I doubt that I am the first person in history to fail to love dinosaurs at the proper time and in the proper place (between 4 and 7 years of age, in pre- and elementary school). And even if the vast majority of children do the right thing and fall in love with dinosaurs on schedule, they have a tendency to fall out of love with them on schedule as well.
The Barney jingle, ”I love you, you love me..." sung by kindergartners all over America, is subjected to a hate-filled transformation within a year or two: “I hate you, you hate me, Barney gave me HIV."
Indeed, the smiling purple dinosaur is on the receiving end of more hostility than just about any other popular cultural icon I can think of. Parents admit to a cordial dislike of this saccharine idiocy, and no self-respecting second-grader will admit to liking Barney ("He’s too childish” was the response of first-graders I talked to at the University of Chicago’s Laboratory Schools).

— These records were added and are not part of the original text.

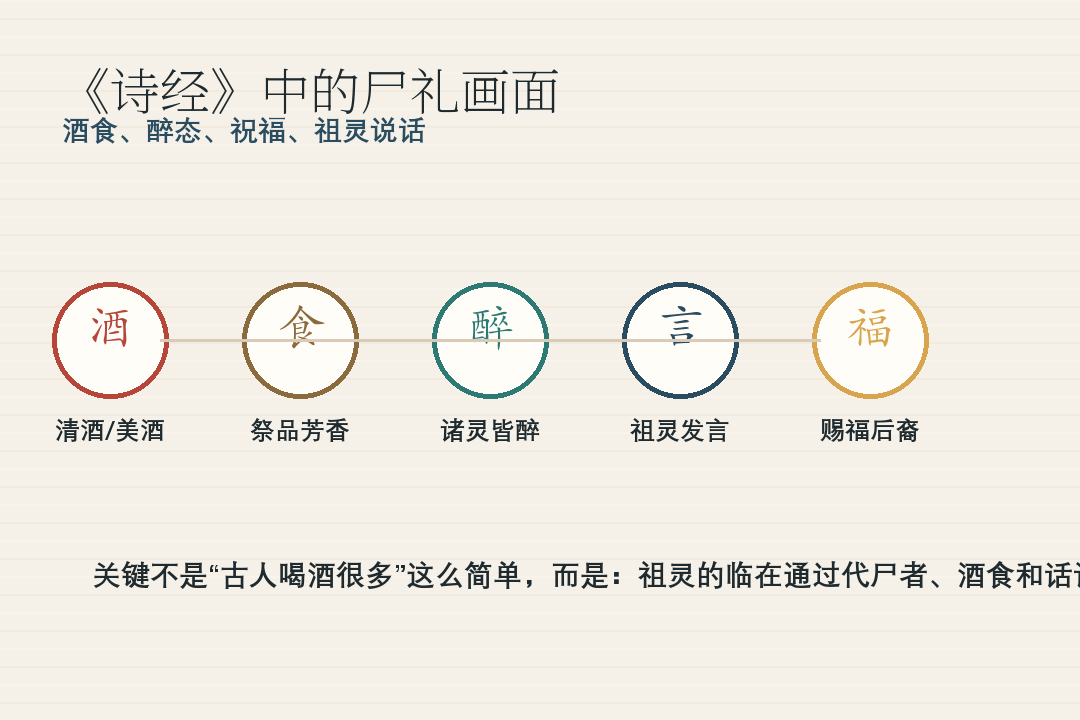 From a "corpse" to a tablet: How did early Chinese ancestors speak through living people?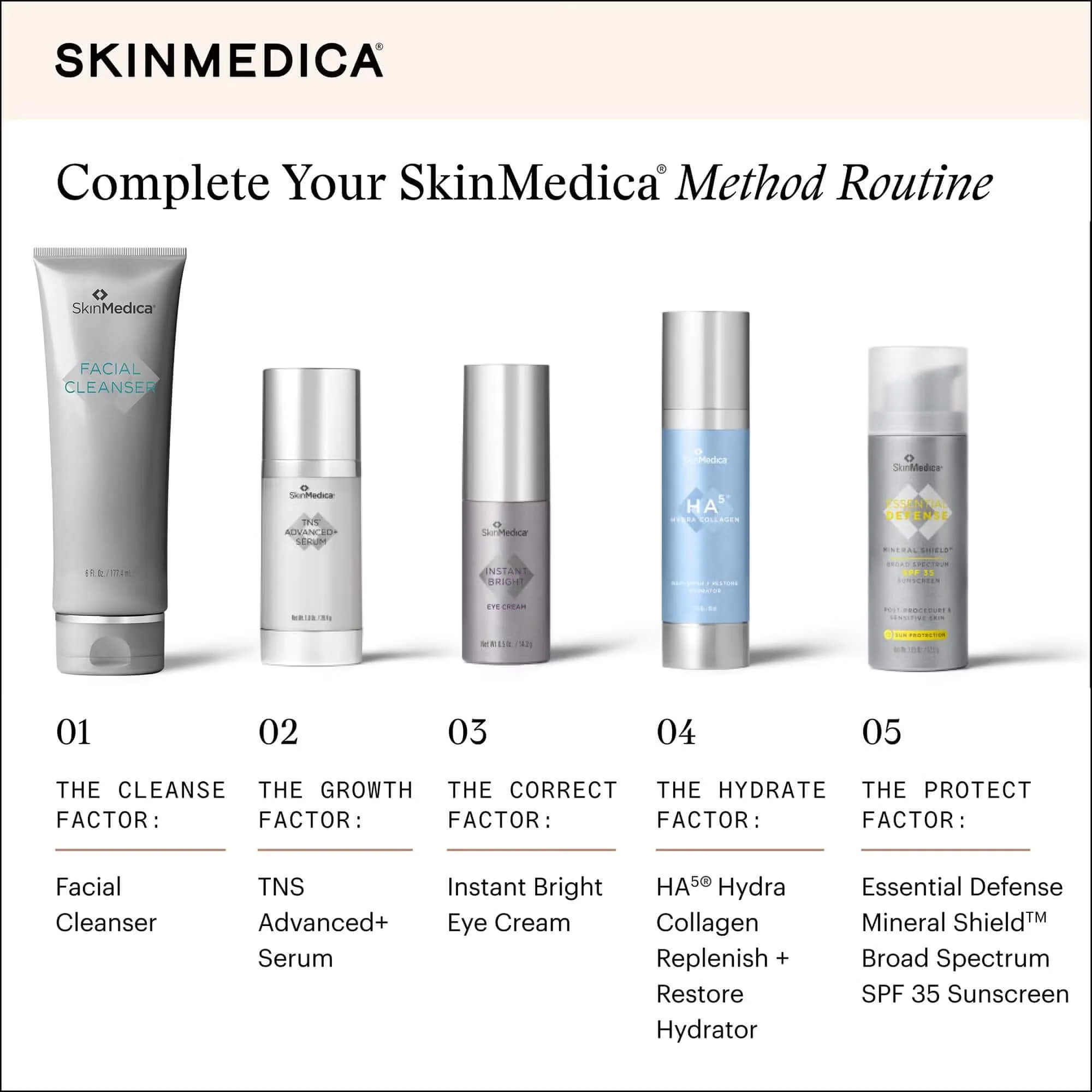 SkinMedica Facial Cleanser - Image 8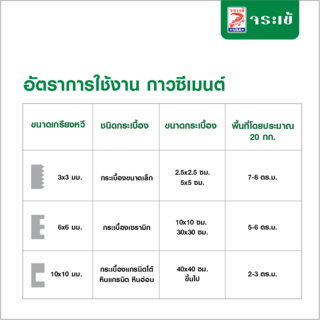 จระเข้ กาวซีเมนต์จระเข้ จระเข้ทอง (ซีเมนต์ขาว) 4 กก.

When Barney made a personal appearance at a suburban shopping mall a couple of years ago, the news that he had been roughed up and harassed by a teenage gang was greeted with undisguised pleasure in the news media. The audience on Saturday Night Live cheered wildly when Barney (standing in for Godzilla) was knocked around by professional basketball muscle-man Charles Barkley. The Barney bulletin board on the Internet consists mainly of unprintable obscenities about the dopey dino.
I will admit that Barney evokes an extreme range of emotions, from the unqualified love of the 4-year-old to the (often ironic) expressions of dislike or indifference by older children. I think we should take Barney as a kind of weathervane of the ambivalence about dinosaurs that seems so deeply embedded in their reception throughout their 150 years of public life. It seems ”built in” to the culturally constructed “nature” of dinosaurs to be both monumental and trivial, awesome and contemptible, horrible and cute. In absorbing all the "cuteness" of dinosaurs, Barney seems to become a lightning rod for all the darker, more violent passions they evoke. It’s a little more difficult to feel superior to the T-rex or Velociraptor.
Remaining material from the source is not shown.